Ah, good ol' Tinder. It's the one-swipe shop for everything related to sex, dating, hooking up, etc. In the new age of technology and instant gratification, we prefer to get as much as we can with as little work as possible. So naturally, Tinder seems like the perfect tool for mating.
You mean to tell me I can sit on my couch, in my boxers and a wife-beater with a pizza stain, and be able to talk to and possibly convince women to go out with me? That sounds wonderful. Sign me the f*ck up.
I'm pretty sure that thought, in some form, has crossed the minds of many single men. I'll admit to using Tinder, and I have no shame in saying I've used Tinder at the gym, at work, in the car, at a stop light and on my couch while stewing in my own filth. The best part is, my matches don't know the difference.
There is a downside, though. Your Tinder game needs to be strong when it comes to the conversation. It doesn't matter how ripped you are, how great your hair is, how nice your smile looks or even how well dressed you are.
Does every one of those things come into play when it comes down to getting matches? Yes. Does that do much in the form of helping you transition from putting words on a screen to taking her on a date? Not really.
If you're not able to get an actual date, even though you've made more matches than you know what to do with, chances are, you're making a few critical mistakes. It's likely all due to what you're saying, not saying and how you're coming across in your messages.
Are you conveying confidence in your messages?

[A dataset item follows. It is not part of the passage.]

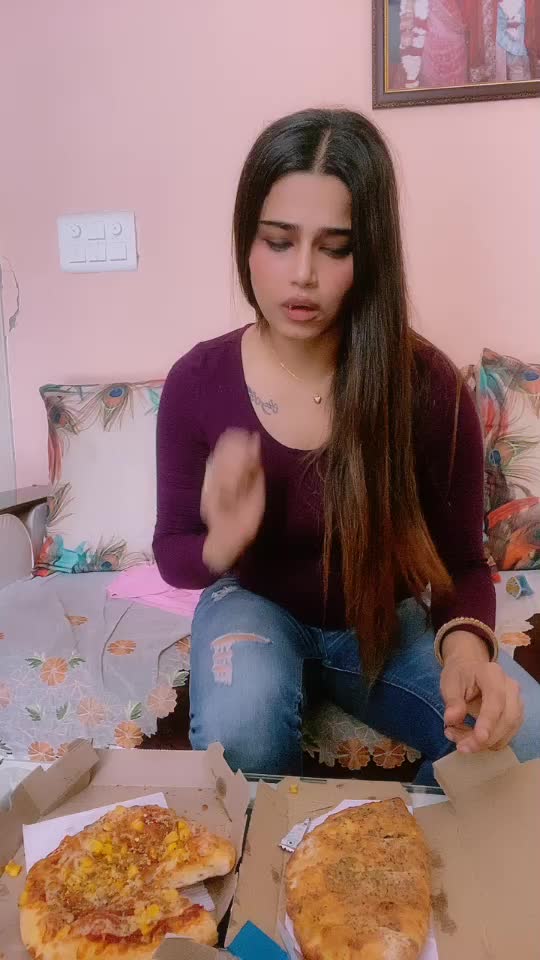@PRIYANKA💫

Do you take the time to think of a message, or do you use the same generic “What's up?” or “Hey sexy” opener that 300 other moronic guys have probably sent to her in the last 36 hours? This is a huge reason no one is responding to you, and I think most of you don't realize that.

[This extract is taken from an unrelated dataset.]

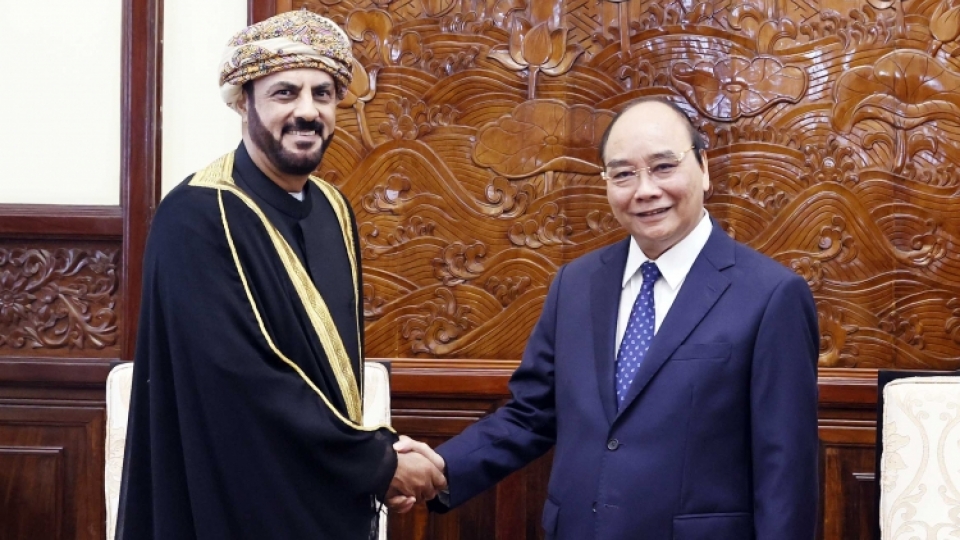 State President hosts outgoing ambassadors of Oman, Czech Republic.jpg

I have the benefit of being an avid reader and writer by nature, so I understand the importance of having the right opening for everything. Whether it's a book, a play, an article I write or a silly message on a dating app, I approach all of my openers with the same vigilance.

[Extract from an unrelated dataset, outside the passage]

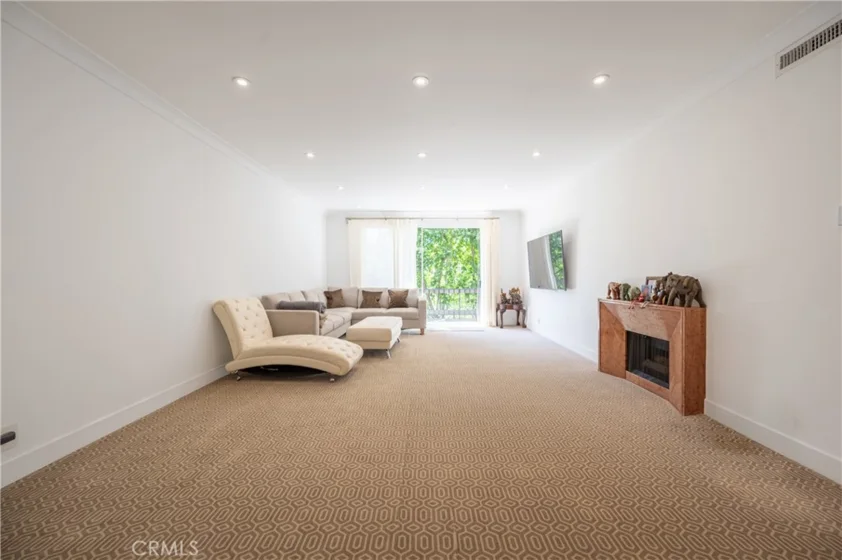 11560 Moorpark Street #204 photo 7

Can most of you guys who aren't getting dates say the same thing? Have you ever given any thought to how your first message should make you stand out from all the other guys that blow up her inbox? No?
I didn't think so. Now is the time to start.
Are you good at keeping up a conversation?
Besides that opening line, you need to be able to carry on a conversation. It has to be long enough that you don't seem too forward when you ask for her number and suggest a date. But, it can't be too long that it seems like you're unsure of yourself, her, what you want or what you're doing. If you've been talking on Tinder for a week already and she's responding, you need to ask her out.
You also can't wait too long to reach out after you match. A new conversation with a new match can be exciting, so you want to strike while the iron is hot. Also, gentleman, please use decent grammar and spelling. Most women want a guy who knows the difference between your and you're, or their, there and they're.
Are you aware of how you're flirting?
If you're getting matched up on Tinder every day, but can't seem to make anything materialize into an IRL date, you need to examine what you're doing. Are you putting effort into your first message? Are you coming across as boring or generic? Even worse, are you coming off cocky?
If you sent a badass first message and the conversation is going great, are you making it seem like you're trying to get to know her? Are you talking too much about yourself? Have you even hinted that you'd like to see her in person, instead of being confined to this in-app purgatory?
These are all things to consider. Think about how you're portraying yourself, pay attention to the words you use and try to use the best grammar and language that you're personally capable of. There is something wrong with the way you're going about messaging if you none of your many matches end up going out for dinner or drinks with you.
So, to summarize, put some damn effort in. Think about your opening line, and don't be generic. Don't use a pickup line unless it's cheesy and it's being done in irony. Pay attention to how you word things, and don't drag on a conversation without making your intentions known. Women will want you to show the initiative, and they likely wouldn't have swiped right if they didn't at least entertain the idea of meeting you.
It's really all on you, guys. Don't you dare blame your matches if you can't say you've done everything in this article. I'll leave you with this, a portion of a great quote from the late Robin Williams in one of his best roles:
Language was invented for one reason, boys — to woo women — and, in that endeavor, laziness will not do.
Laziness will get you nowhere on Tinder. Now, armed with this knowledge, happy swiping.